• [TASK PROMPT] The listing below has to be output exactly as given, less its pictures.

• [RAW DATA]
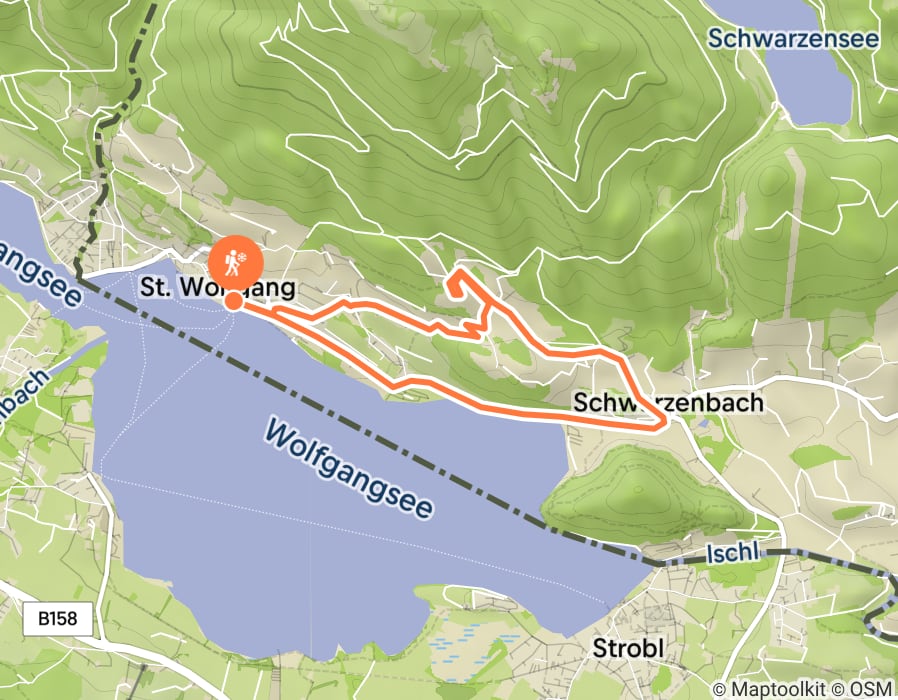 Karte der Tour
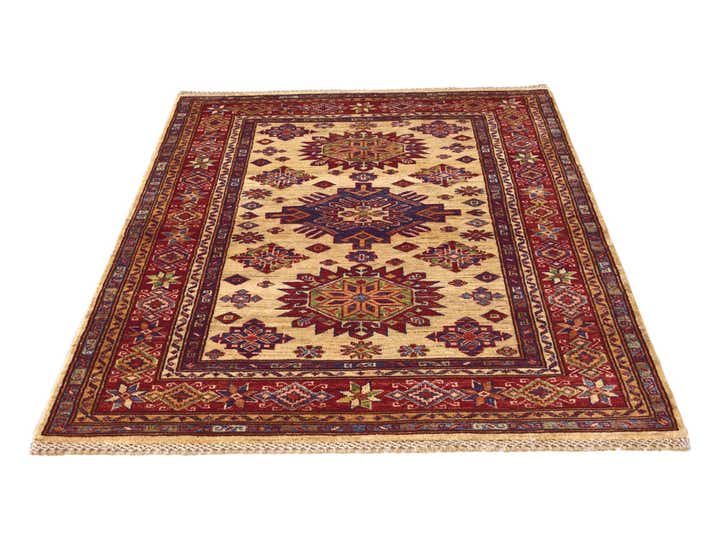 3' 5 x 5' Hand Knotted Kazak Rug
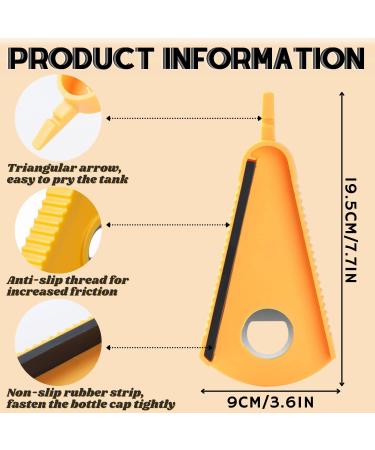 Crethink 5 in 1 Multi Opener - Ideal Kitchen Tool for Weak Hands, Seniors, Arthritis - Bottle, Jar, Can, Beer Opener - Easy Twist Off Lid - Elderly & Child Friendly - Buy Online on GoSupps.com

• [FINISHED EXERCISE]
 Karte der Tour
 3' 5 x 5' Hand Knotted Kazak Rug
 Crethink 5 in 1 Multi Opener - Ideal Kitchen Tool for Weak Hands, Seniors, Arthritis - Bottle, Jar, Can, Beer Opener - Easy Twist Off Lid - Elderly & Child Friendly - Buy Online on GoSupps.com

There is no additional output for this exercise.